The following three questions are essentially research questions. You can work through them using the LSYPE 15,000 dataset and your new found statistical super powers! We recommend that you answer them in full sentences with supporting tables or graphs where appropriate – this will help when you come to report your own research. There is a link to the answers at the bottom of the page.

Note: The variable names as they appear in the SPSS dataset are listed in brackets.

Question 1

Is there a statistically significant association between whether or not a student has been truant in the last twelve months (truancy) and whether or not they achieve 5 GCSE qualifications of A* - C, including maths and English (fiveem)?

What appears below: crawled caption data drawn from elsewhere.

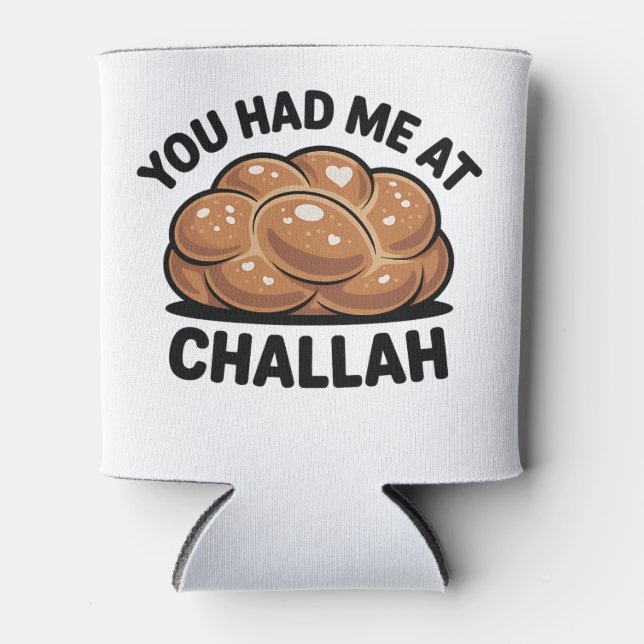 Enfriador De Latas Me tenías en Challah Judío Jew Hanukkah (Anverso)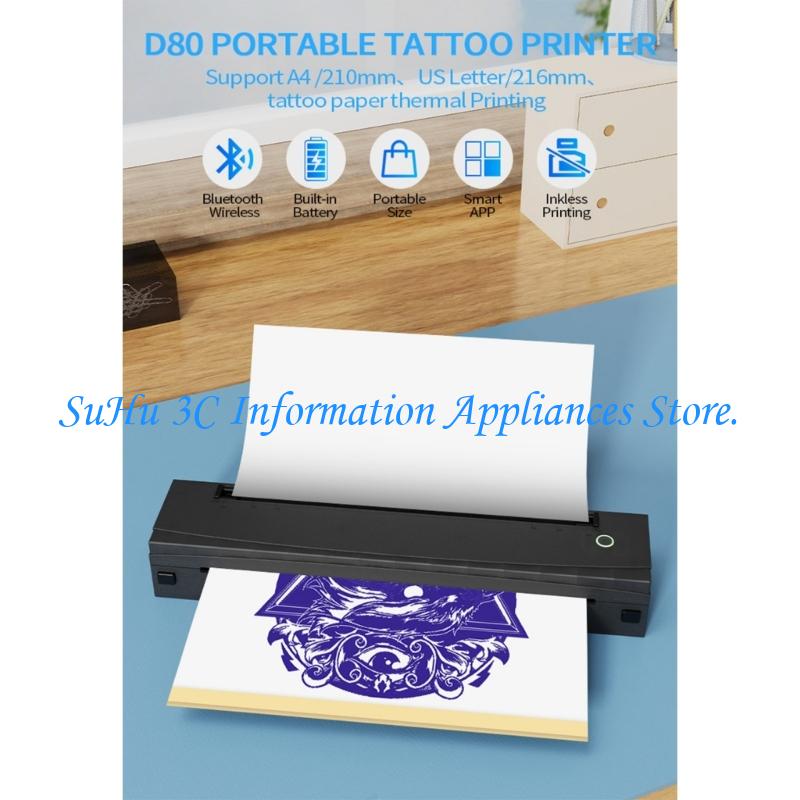 Laser Printer Home - Eenvoudig te bedienen draagbare thermische tattoo-printer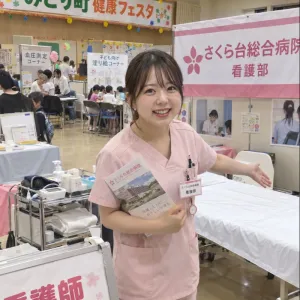看護師の体験ブース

Use crosstabulation and a chi-square analysis to answer this question and provide the supporting statistics.

Question 2

We have seen that age 11 exam scores have a strong positive correlation with age 14 exam scores. Is there similar association between age 11 (ks2stand) exam scores and exams scores at age 16 (ks4stand)?

Draw a scatterplot and perform a bivariate correlation to answer this question.

Question 3

The Income Deprivation Affecting Children Index (IDACI) provides a standardised measure of how relatively deprived the students in the LSYPE sample are. The mean score is 0 (the measure is standardised) while negative values represent students from relatively affluent backgrounds and positive values students from relatively poor backgrounds. Can IDACI score (IDACI_n) be used to predict students’ exam scores at age 14 (ks3stand)?

Perform a simple linear regression using ks3stand as the outcome variable and IDACI_n as the explanatory variable to answer this question. Be sure to check that the assumptions of the analysis are met.